Speakers
Description
The Plasma Control System (PCS) is an essential component of any tokamak, responsible for the real-time management of the plasma to ensure stable operation and optimal performance during fusion experiments. It works in conjunction with other subsystems to monitor and control key parameters during a plasma discharge like the plasma shape, position, density, and temperature.
The DTT PCS represents the central control system for operating the tokamak and managing the plasma within it. Tokamak operations occur in pulses. During a DTT pulse, the PCS manages all the necessary systems (magnetic coils, additional power systems, gas injection systems… ) to allow the execution of the scenario.

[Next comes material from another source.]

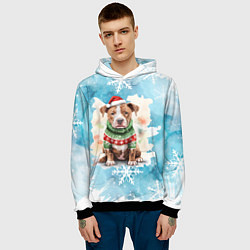 Толстовка-худи мужская Питбуль в новогоднем костюме, цвет: 3D-черный — фото 2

The DTT pulse is prepared by the plant’s Supervisory Control System (SCS), which configures the necessary plant systems, including the PCS, based on the pulse scenario or schedule. The Pulse Schedule Preparation System (PSPS) is a component of the SCS responsible for the editing of the pulse schedule, containing all the information needed to execute a DTT pulse, with or without plasma. This includes general parameters, operational limits, plant system configuration (including PCS configuration), and an ordered sequence of tasks and targets for the PCS to execute.
The PCS control is based on the implementation of feedforward and feedback control actions for a range of plant and plasma parameters. The feedforward control actions have the objective to track nominal references of plant parameters given by the Pulse Schedule based on simplified model simulations and previous discharges. The feedback control actions represent the control corrections implemented in real-time based on the measurements of the controlled parameters. These parameters differ in nature defining different set of control functionalities, like magnetic, kinetic, and MHD controls. Even if each functionality needs distinct sets of sensors and actuators, the DTT PCS requires significant functional integration.
In addition to the synchronous control, the PCS must also react asynchronously to events, adjusting its control path or strategy, a process known as exception handling.
The objective of this poster is to give an overview of the DTT PCS architecture with details of the main control functionality related to magnetic, kinetic and MHD control.